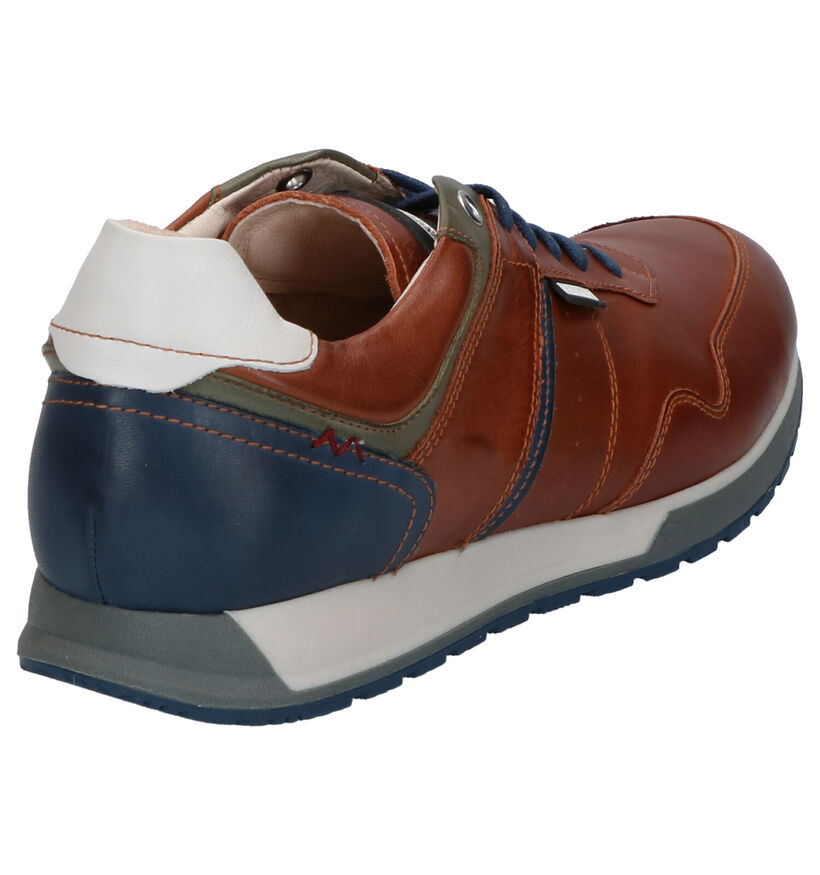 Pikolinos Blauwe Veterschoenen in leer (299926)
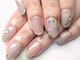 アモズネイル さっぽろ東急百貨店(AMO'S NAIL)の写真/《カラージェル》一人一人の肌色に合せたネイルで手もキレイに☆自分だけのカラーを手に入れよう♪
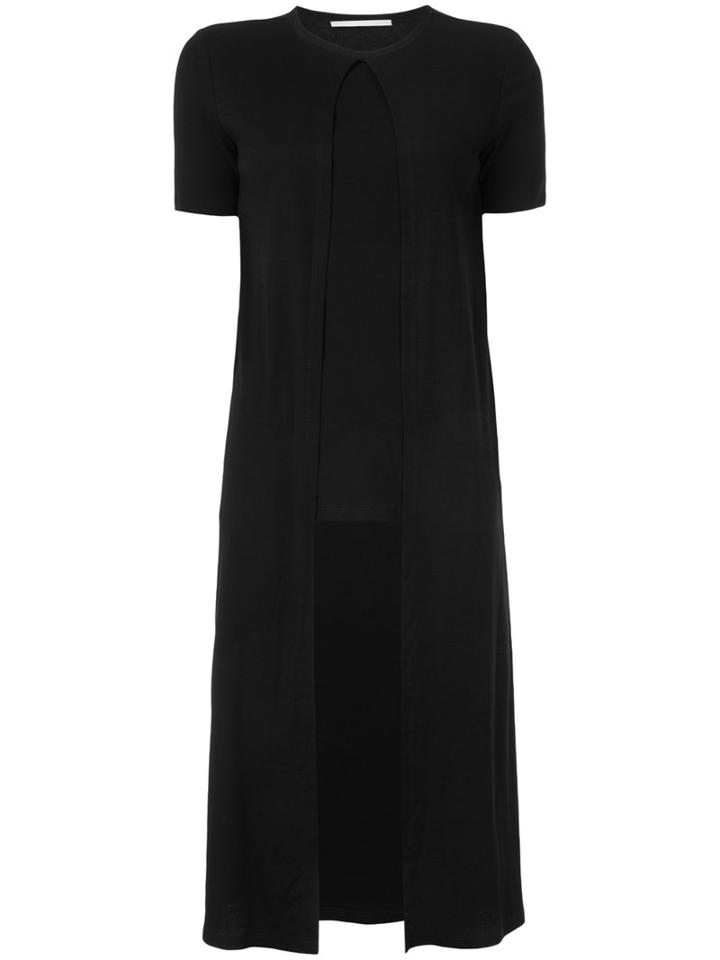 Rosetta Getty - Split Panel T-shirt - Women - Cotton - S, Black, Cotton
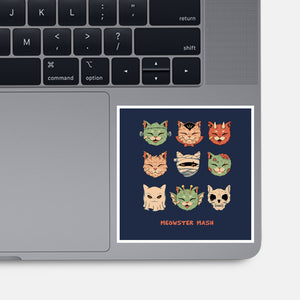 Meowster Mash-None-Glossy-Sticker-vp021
========================================================================
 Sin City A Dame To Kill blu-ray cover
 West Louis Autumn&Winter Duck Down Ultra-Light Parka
========================================================================
▶ **EXERCISE DIRECTIONS**:
Look above for the line with "Rosetta Getty - Split" and the line with "Meowster Mash-None-Glossy-Sticker-vp021", then restate exactly those two lines and all lines between them, with no pictures.

▶ **OUTPUT OF THE EXERCISE**:
 Rosetta Getty - Split Panel T-shirt - Women - Cotton - S, Black, Cotton
 Meowster Mash-None-Glossy-Sticker-vp021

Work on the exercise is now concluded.